# ...Keeps on ticking



## 3K9Mom (Jun 12, 2006)

Zamboni consulted with the cardiologist today. 

Her blood pressure has been on the high side (240, dropped to 180 with meds), and she has a 1/6 murmur. My regular vet put her on Norvasc (blood pressure medicine) and a low dose of Enalapril while we waited to see the cardiologist (since she's not an urgent case, we waited over a month). 

So today, we did an EKG. 

The results..... (drum roll).... everything is great! 

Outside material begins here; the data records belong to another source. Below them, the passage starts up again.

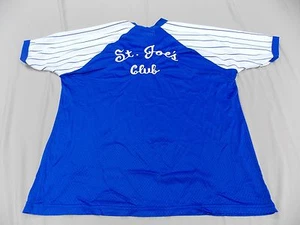 Camiseta deportiva de béisbol softbol de malla bordada de colección de Medalist Pride XL - Imagen 1 de 6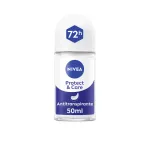 NIVEA DEO NEW ROLL ON 50ML PROTECT&CARE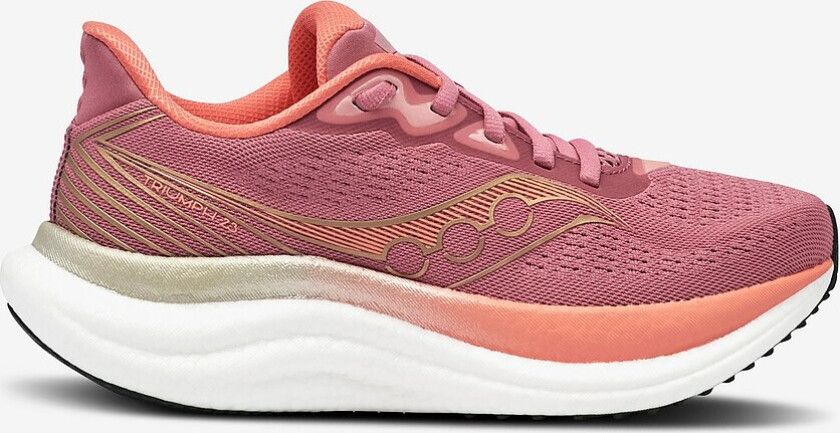 Triumph 23 Dame Mauve/Black 42 1/2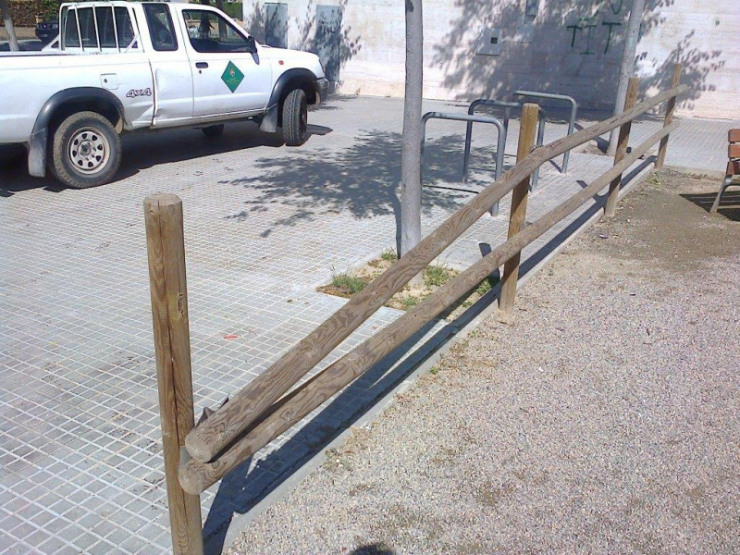 Vandalisme tanques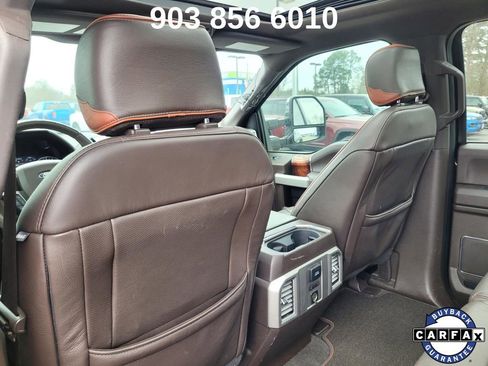 Used 2017 Ford F450 King Ranch w/ King Ranch Ultimate Package image 34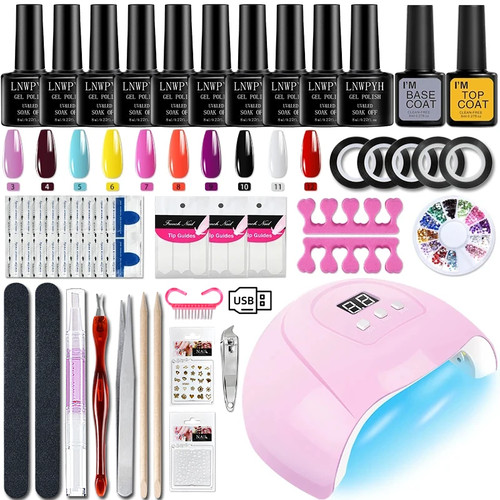 Gel nail polish - polish, 18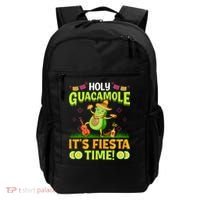 Cinco De Mayo Mexican Holy Guacamole Fiesta Time Backpack thumb 0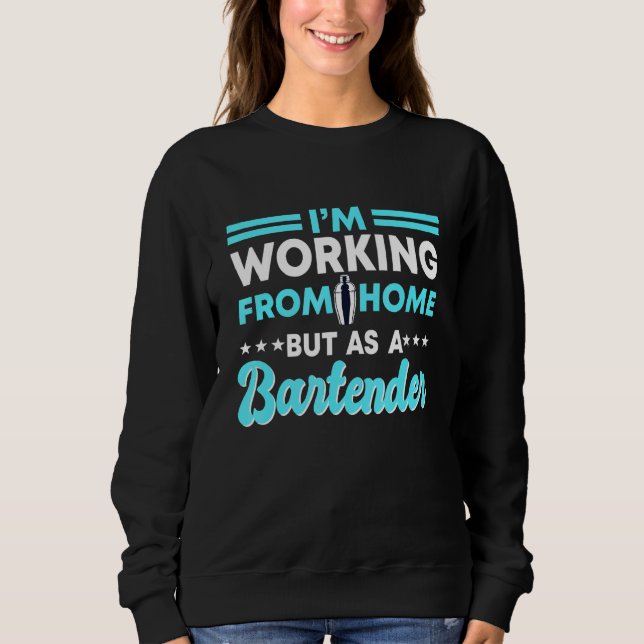 Barkeeper Barman Bartending Barkeep Barmaid Mixolo Sweatshirt (Vorderseite)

He said the murmur is "trivial." He's not concerned about the blood pressure at all. He said he wouldn't prescribe any meds at all if she just walked in the door in this condition, but since she's on them and doing so well, we might as well leave her on them. 

No changes in diet, exercise, nothing! And, she's maintaining her recent weight loss. Still a svelt 38 lbs! The cardiologist said he'd be fine seeing her in 12-18 months. 

So....


----------



## JeanKBBMMMAAN (May 11, 2005)

Way to go ZAMBONI!!!!

Is she a larger beagle? 

How do they check BP? 

Pictures? 

Always with the questions...


----------



## 3K9Mom (Jun 12, 2006)

She's a beagle/spaniel mix (probably springer spaniel. Thus, the spring in her step!) 

They check BP with a cuff that goes on the leg. They only check systolic, not diastolic. So you only get one number.


----------



## 3K9Mom (Jun 12, 2006)

And photos...

On a hike in the forest (last month), with Dad












A rest break on the hike, with Camper


----------



## LisaT (Feb 7, 2005)

thanks for posting this....

it motivated me to get up and go leave a message to make the same type of appointment for Indy. We probably won't get in until January, late December with any luck. Indy has a murmur, more advanced.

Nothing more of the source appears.